That expansion has pushed them into a dangerous area: the foothills of the Tehachapi Mountains, where the spinning rotors of more than 4,000 wind turbines put the scavengers at risk of collision. The Tehachapi Wind Resource Area, a patchwork of wind farms owned by around a dozen private companies, produces more than half of California’s wind energy. The first turbines were built here in 1986, and more have been added through the years. Last year Amazon proposed a new addition to meet its climate change goals.

The permit would allow Manzana to incidentally “take” (legalese for kill, harass, or harm) two free-flying California Condors, and two associated eggs or chicks that could die in the nest as a result, over the next 30 years.
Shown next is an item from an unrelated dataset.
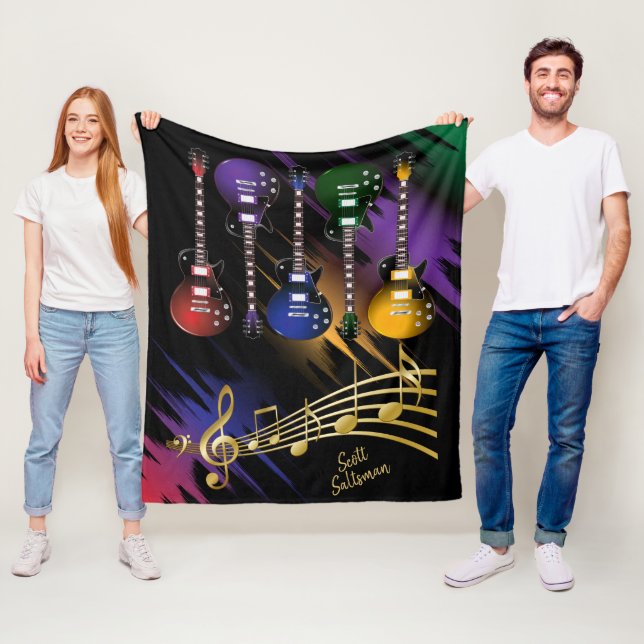Colorful Guitar Fleece Blanket (In Situ)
This draft permit also points to larger issues around endangered species planning and habitat designation. The condors had been released in the Los Padres National Forest on an ongoing basis for 20 years when Manzana Wind began its operations not far away. Yet the wind farm was built anyway, seemingly blind to the incoming collision if California Condors successfully reestablished the population.

“It doesn’t seem like a good place to have put one in the first place. Wind developers aren’t paying sufficient attention to these issues ahead of time,” says Mike Parr, president of the American Bird Conservancy. “The only way a species can recover is by occupying habitat they are not currently living in. If you’ve already filled that habitat with wind turbines, how are they going to recover?